Accrding to this article, it's a possiblity:

http://www.securityfocus.com/news/257

Hackers face life imprisonment under 'Anti-Terrorism' Act Justice Department proposal classifies most computer crimes as acts of terrorism. By Kevin Poulsen Sep 24 2001 1:06PM PT

Hackers, virus-writers and web site defacers would face life imprisonment without the possibility of parole under legislation proposed by the Bush Administration that would classify most computer crimes as acts of terrorism.

The Justice Department is urging Congress to quickly approve its Anti-Terrorism Act (ATA), a twenty-five page proposal that would expand the government's legal powers to conduct electronic surveillance, access business records, and detain suspected terrorists.

The proposal defines a list of "Federal terrorism offenses" that are subject to special treatment under law. The offenses include assassination of public officials, violence at international airports, some bombings and homicides, and politically-motivated manslaughter or torture.
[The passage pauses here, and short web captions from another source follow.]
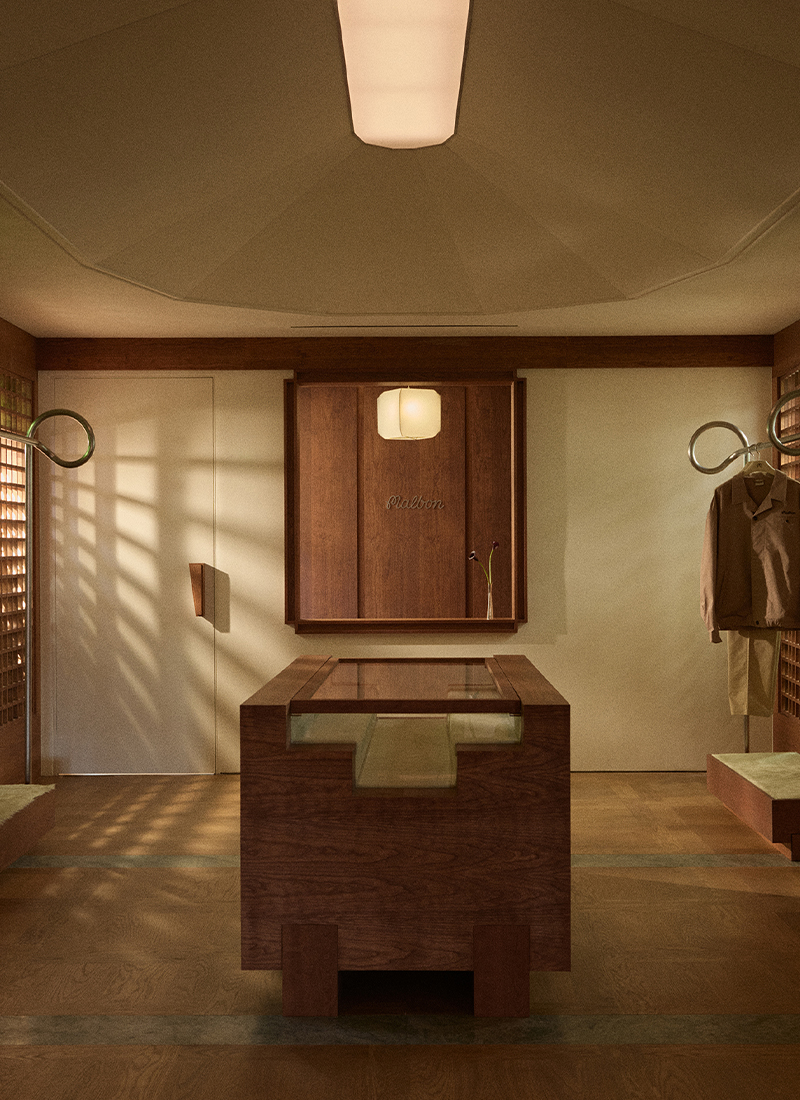 22RE Office | Malbon Melrose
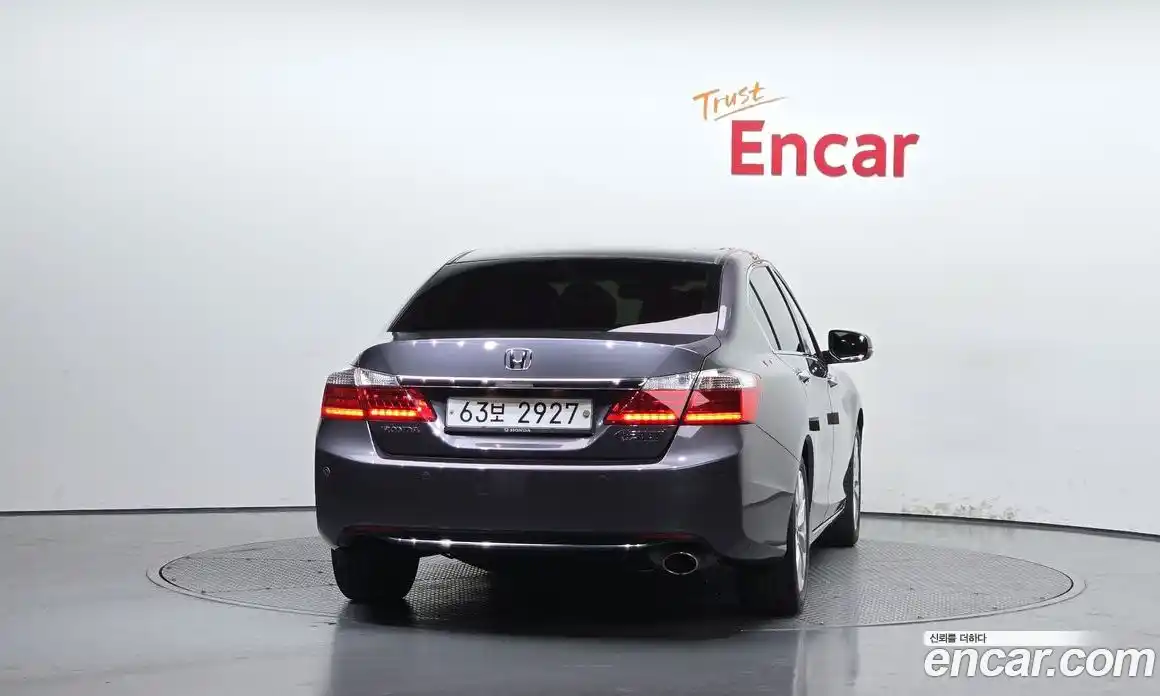 Honda Accord 2015 2.4 автомат (гидро), фото 4
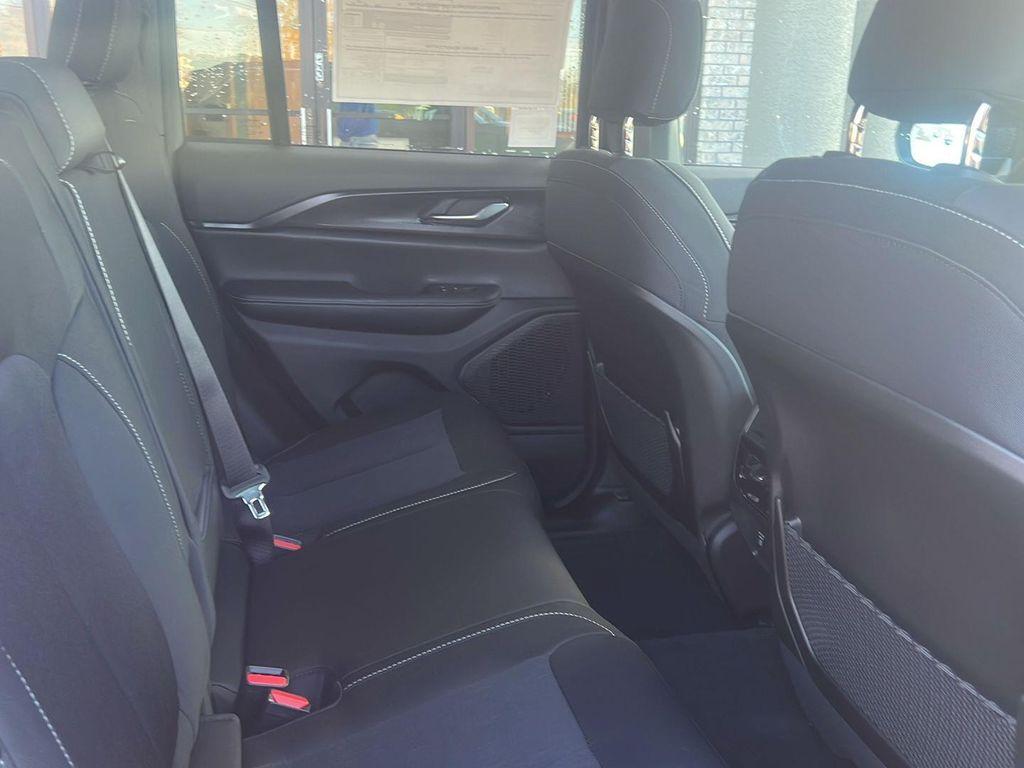 new 2025 Jeep Grand Cherokee car, priced at $43,405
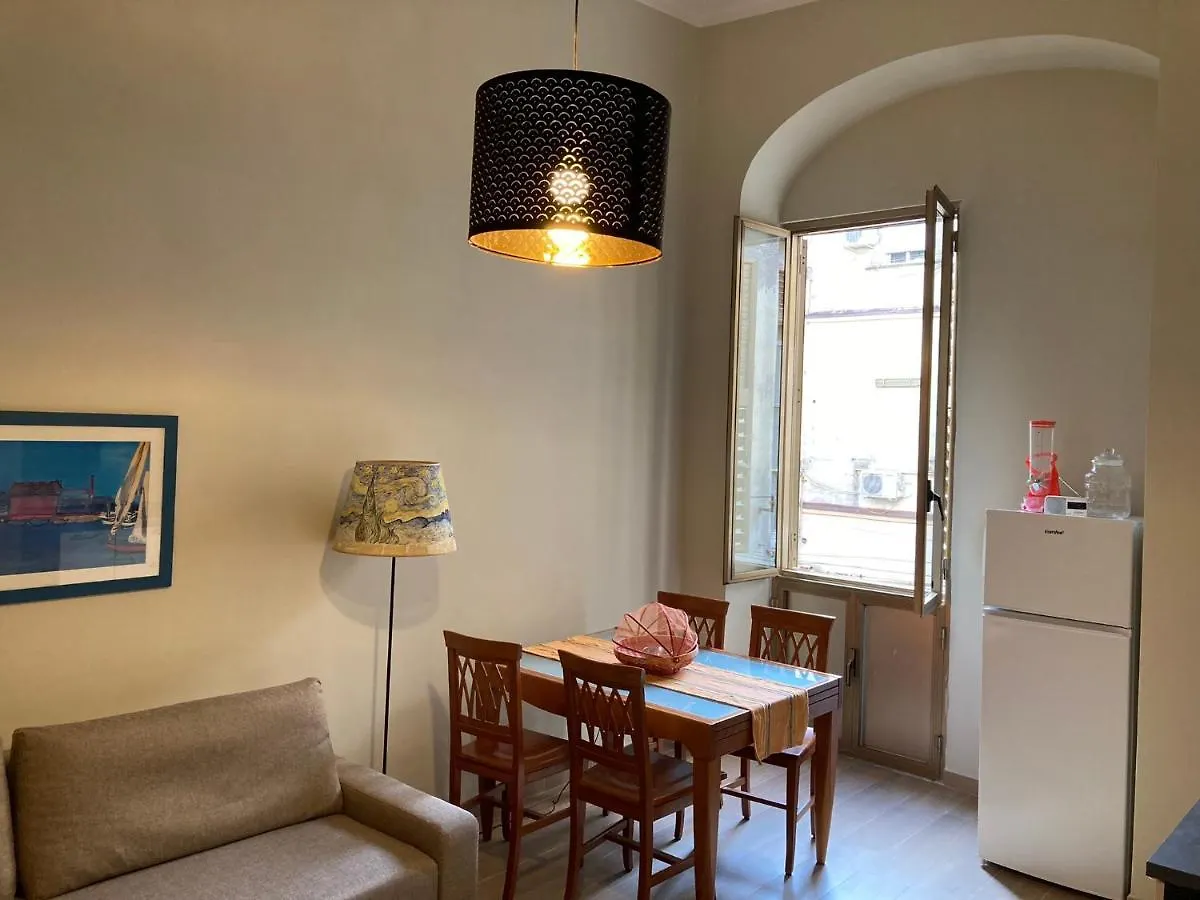 Apartment Domus Passpartenope, Napoli Italy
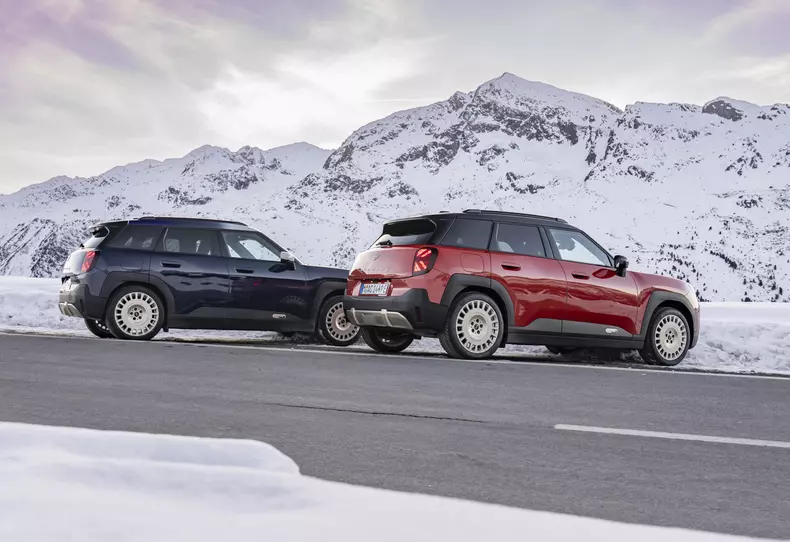 P90625634_highRes_mini-aceman-se-11-20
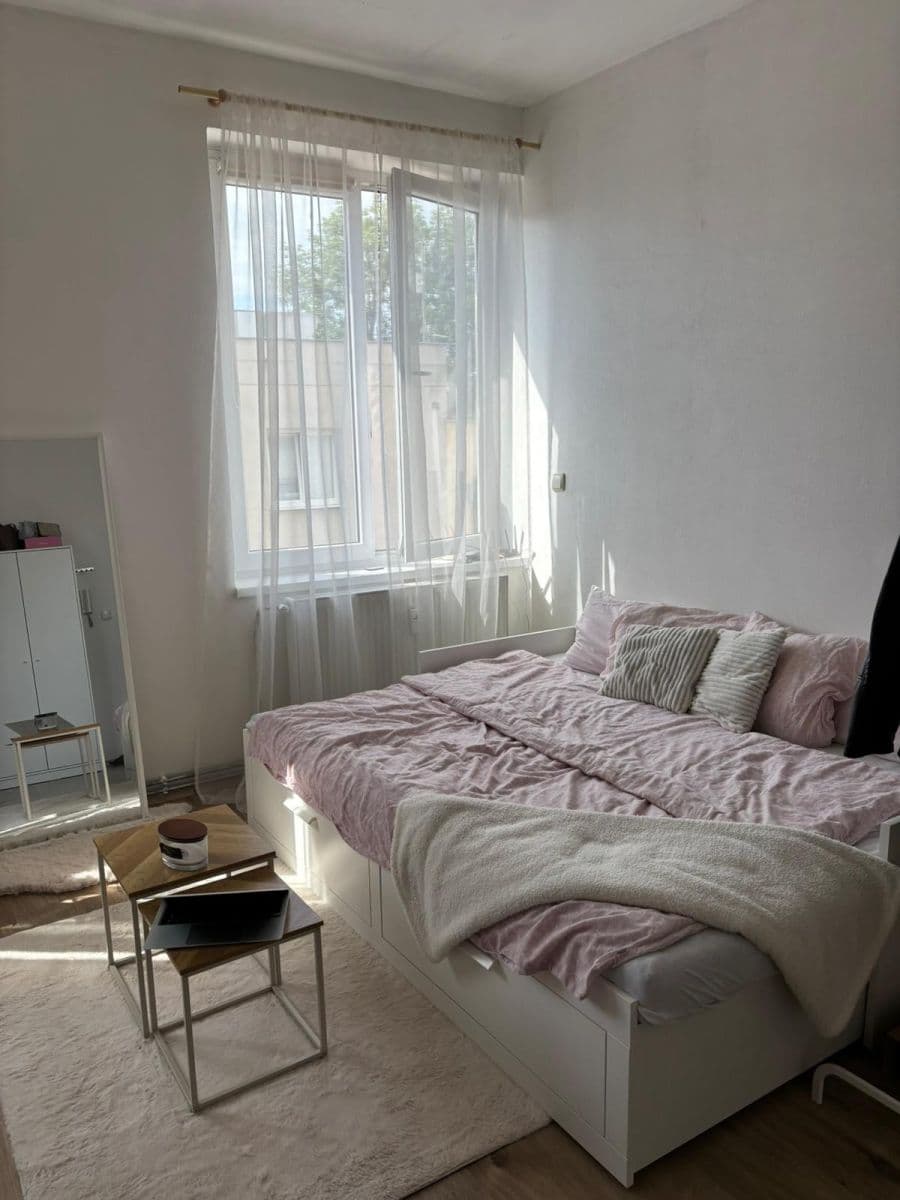 Small studio flat to rent, 24 m², Husova tř., České Budějovice, Jihočeský Region Small studio flat to rent, 24 m², Husova tř., České Budějovice, Jihočeský Region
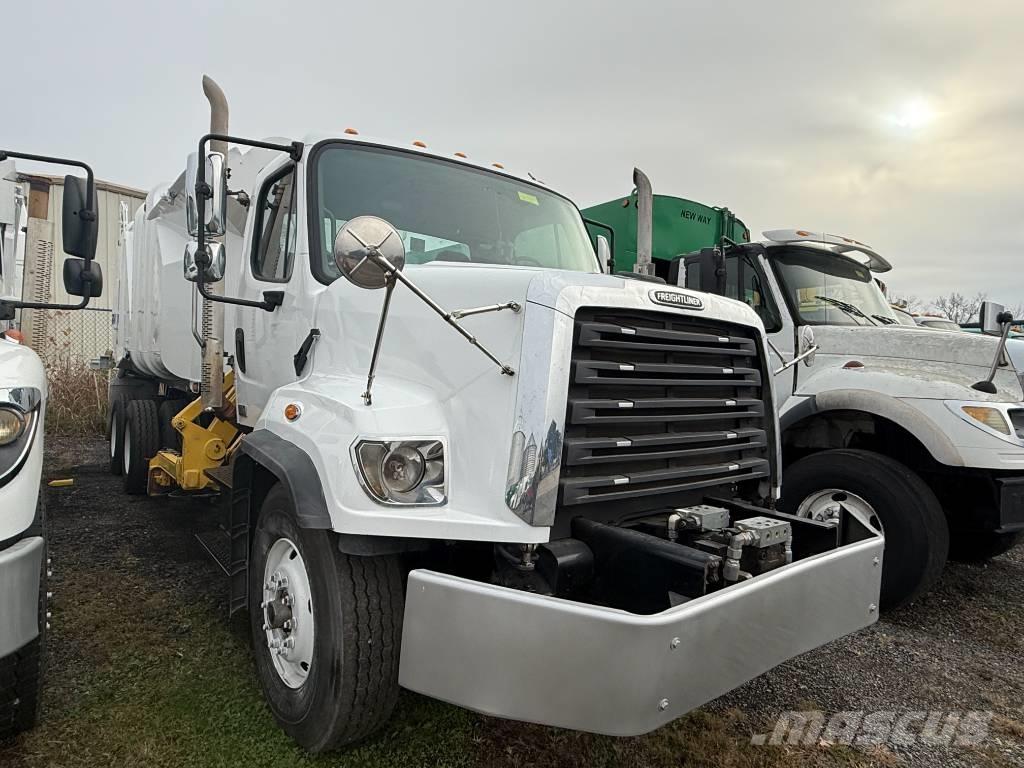 Freightliner 108SD 폐기물 수거 트럭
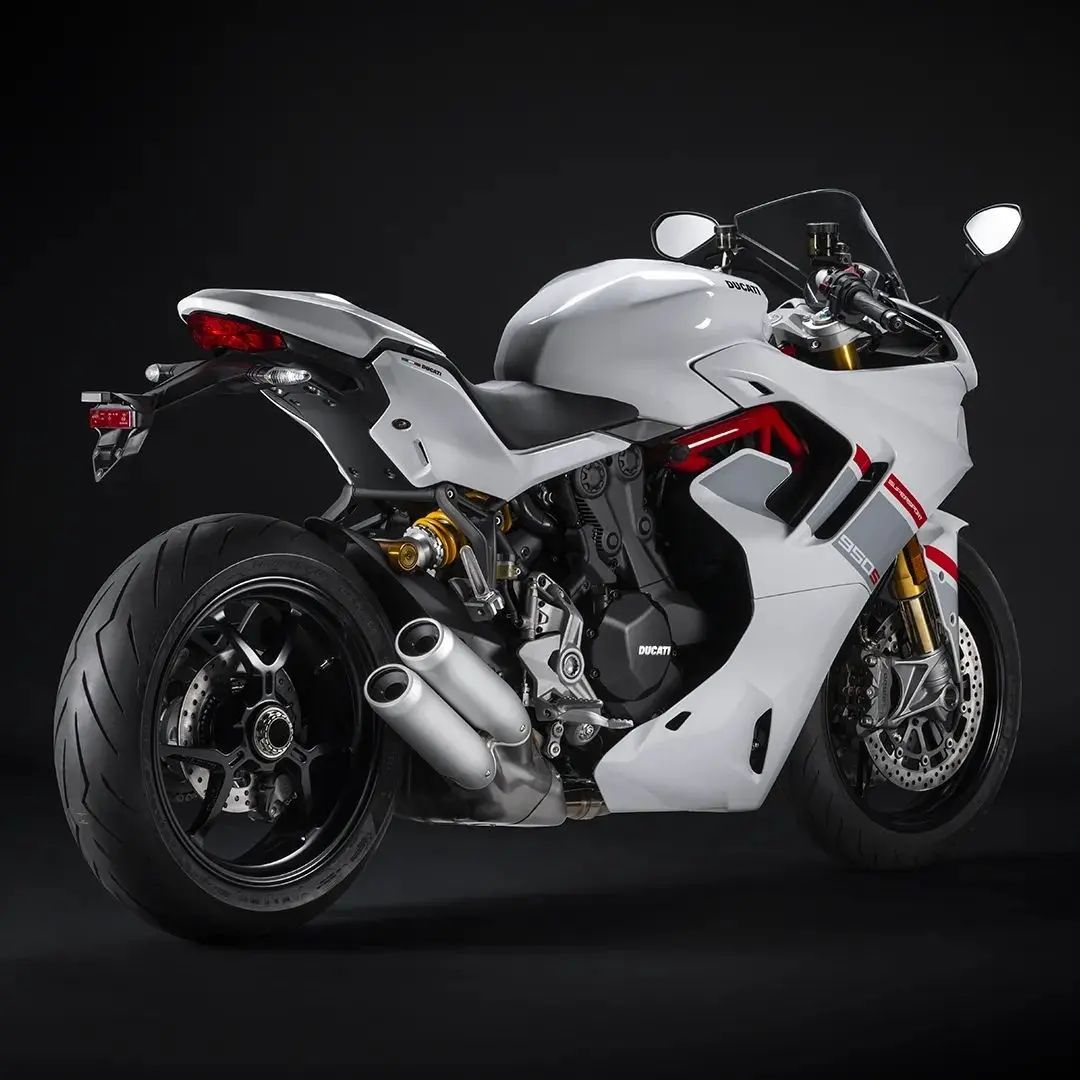 Des nouveaux coloris pour les Ducati SuperSport S et Monster 950 2024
Most of the terrorism offenses are violent crimes, or crimes involving chemical, biological, or nuclear weapons. But the list also includes the provisions of the Computer Fraud and Abuse Act that make it illegal to crack a computer for the purpose of obtaining anything of value, or to deliberately cause damage. Likewise, launching a malicious program that harms a system, like a virus, or making an extortionate threat to damage a computer are included in the definition of terrorism.

To date no terrorists are known to have violated the Computer Fraud and Abuse Act. But several recent hacker cases would have qualified as "Federal terrorism offenses" under the Justice Department proposal, including the conviction of Patrick Gregory, a prolific web site defacer who called himself "MostHateD"; Kevin Mitnick, who plead guilty to penetrating corporate networks and downloading proprietary software; Jonathan "Gatsby" Bosanac, who received 18-months in custody for cracking telephone company computers; and Eric Burns, the Shoreline, Washington hacker who scrawled "Crystal, I love you" on a United States Information Agency web site in 1999. The 19-year-old was reportedly trying to impress a classmate with whom he was infatuated....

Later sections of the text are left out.